# ADVICE NEEDED! Solo rat needs mates!



## Riana (Apr 22, 2015)

OK, so I just adopted this solo boy from a dire Kijiji listing a week ago and he seems depressed. He cleans himself only when I handle him and not when he's in his cage alone. Does this mean he's bored/lonely? 

He is very curious and sweet tempered, well socialized with people and I think he'd like a friend. No, he NEEDS friend. 

So my question here is should I try introducing him to younger male friends or older male friends? Or should I try and find a bonded pair to try and integrate him with? 

I've never had a rat who was alone that didn't want to be alone so I am not sure how best to help him. If you have experience with this please leave me some advice. 

Currently available there are bonded male pairs in our local rescue who are 12 months old and there's always 6-12 week olds or often older at the pet shop he came from. There's also a rescue near me that has more age variety than the local one. 
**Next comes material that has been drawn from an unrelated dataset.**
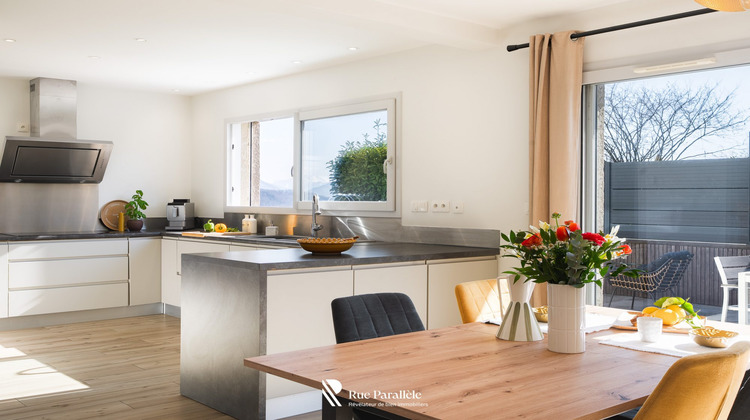 Ma-Cabane - Vente Maison Groisy, 124 m²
I'm really worried about his well being on days where I can't be with him during the day and I'd like to get some advice so I don't do anything that will be detrimental to him. 

Some details about Balzac so you guys can give me the best advice:

-6-8 months old
-blind in one eye
-hairless 
-housed alone since he was purchased from a pet store by first time owners 
-submissive, not aggressive. 

Thanks guys for reading and replying!!!


----------



## Rhonwen (Dec 29, 2014)

When I obtained Alfie I was in a very similar situation. He was a Petco feeder rat, already full grown when his original owner bought him. He'd been alone with her for about 3-4 months, and my plan was to get him some buddies ASAP. I took the first month to bond with him, the second month he got a persistant URI, and then I had trouble staying in contact with folks who had babies. I FINALLY got him buddies this past weekend, and the change in his personality is SO noticable. He's a much much happier rat. 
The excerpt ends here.